The Parents' Guide


Your Child and Technology


There is one thing for which the parents of today cannot follow the lead of their own parents: how to integrate technology in the upbringing of their children. A tablet may keep a Child occupied for long hours, but should he or she not also engage in other activities? The internet offers many great resources for children, but how do we protect them from bad or harmful content? It is easy to observe what children watch on the TV in the living room, but how to monitor what they are exposed to on a phone or tablet?



Here are a few tips that can help parents to balance their approach:


 1. Tech and time


Set time limits or fixed periods for activities on screen. This is especially important for children who tend to spend all their free time on a device, at the expense of physical exercise or playing with others. Tech devices are typically designed for individual use and do not require much physical effort. For holistic development, children need social interaction and physical movement, so there needs to be a balance.

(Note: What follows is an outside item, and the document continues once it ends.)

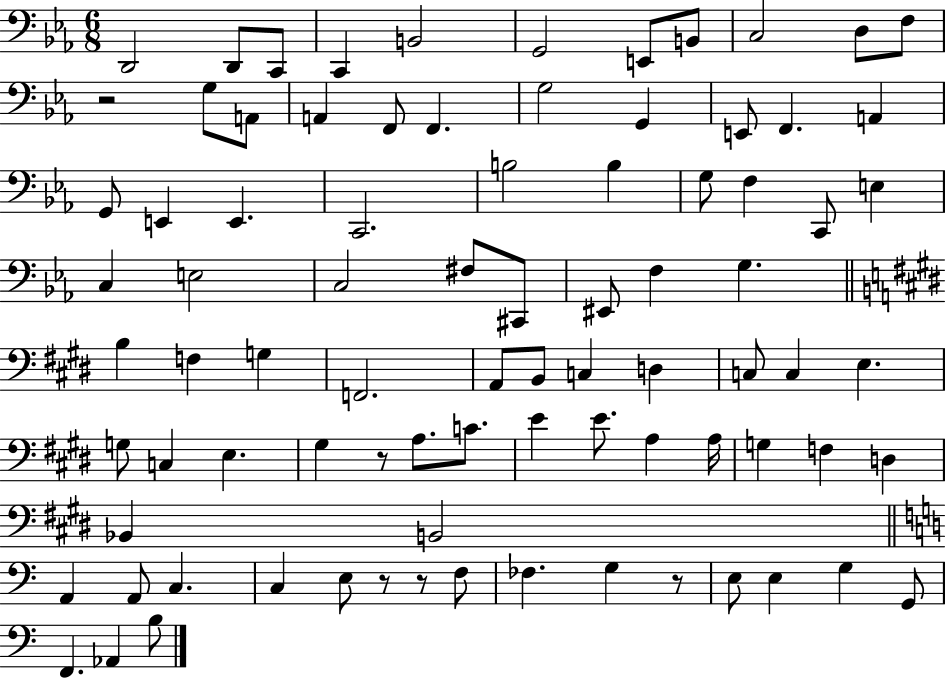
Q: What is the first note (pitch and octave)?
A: D2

(This is not unlike yesteryear’s parents who chased us away from the telly and told us to go and play outdoors.)





2. Connectivity


For younger children who do not yet get school assignments that require research on the net, provide a device without an internet connection. That makes it easier to control content and reduces the need for supervision.


3. Online resources


The internet is a great alternative to the community library and your Child should benefit from it.

Some examples:


- There are many websites with interactive reading and maths exercises. This can benefit children who need more or different practice to keep up with the class curriculum.


- Stories for reading-together-time


- Project work: information on topics that children need or want to know more about; for example nature or history.



As your Child grows older, you can teach them how to use a search engine and how to distinguish between good and bad content. Use filters and a child-friendly browser to enable your Child to gradually start surfing on their own.




4. Cultural identity and foreign content


Sadly, there is still very little home-grown content from Ghana on the net. Ghanaian children are much exposed to images, vocabulary and concepts that do not connect with their culture and living environment. Actively search for local resources to help develop your Child’s cultural identity and pride.



5. Talk talk talk


Be closely involved with your Child’s online life and build rapport and trust for your Child to confide in you. Do things together online and allow your Child to learn from you. Answer questions and point out dos and don’ts as you go. 



A few practical tips:


- Set your own phone number as password on the device your Child uses. In emergency situations they will know it by heart!


- Talk to your Child’s school or PTA about including lessons on responsible use of social media and the internet in the school curriculum.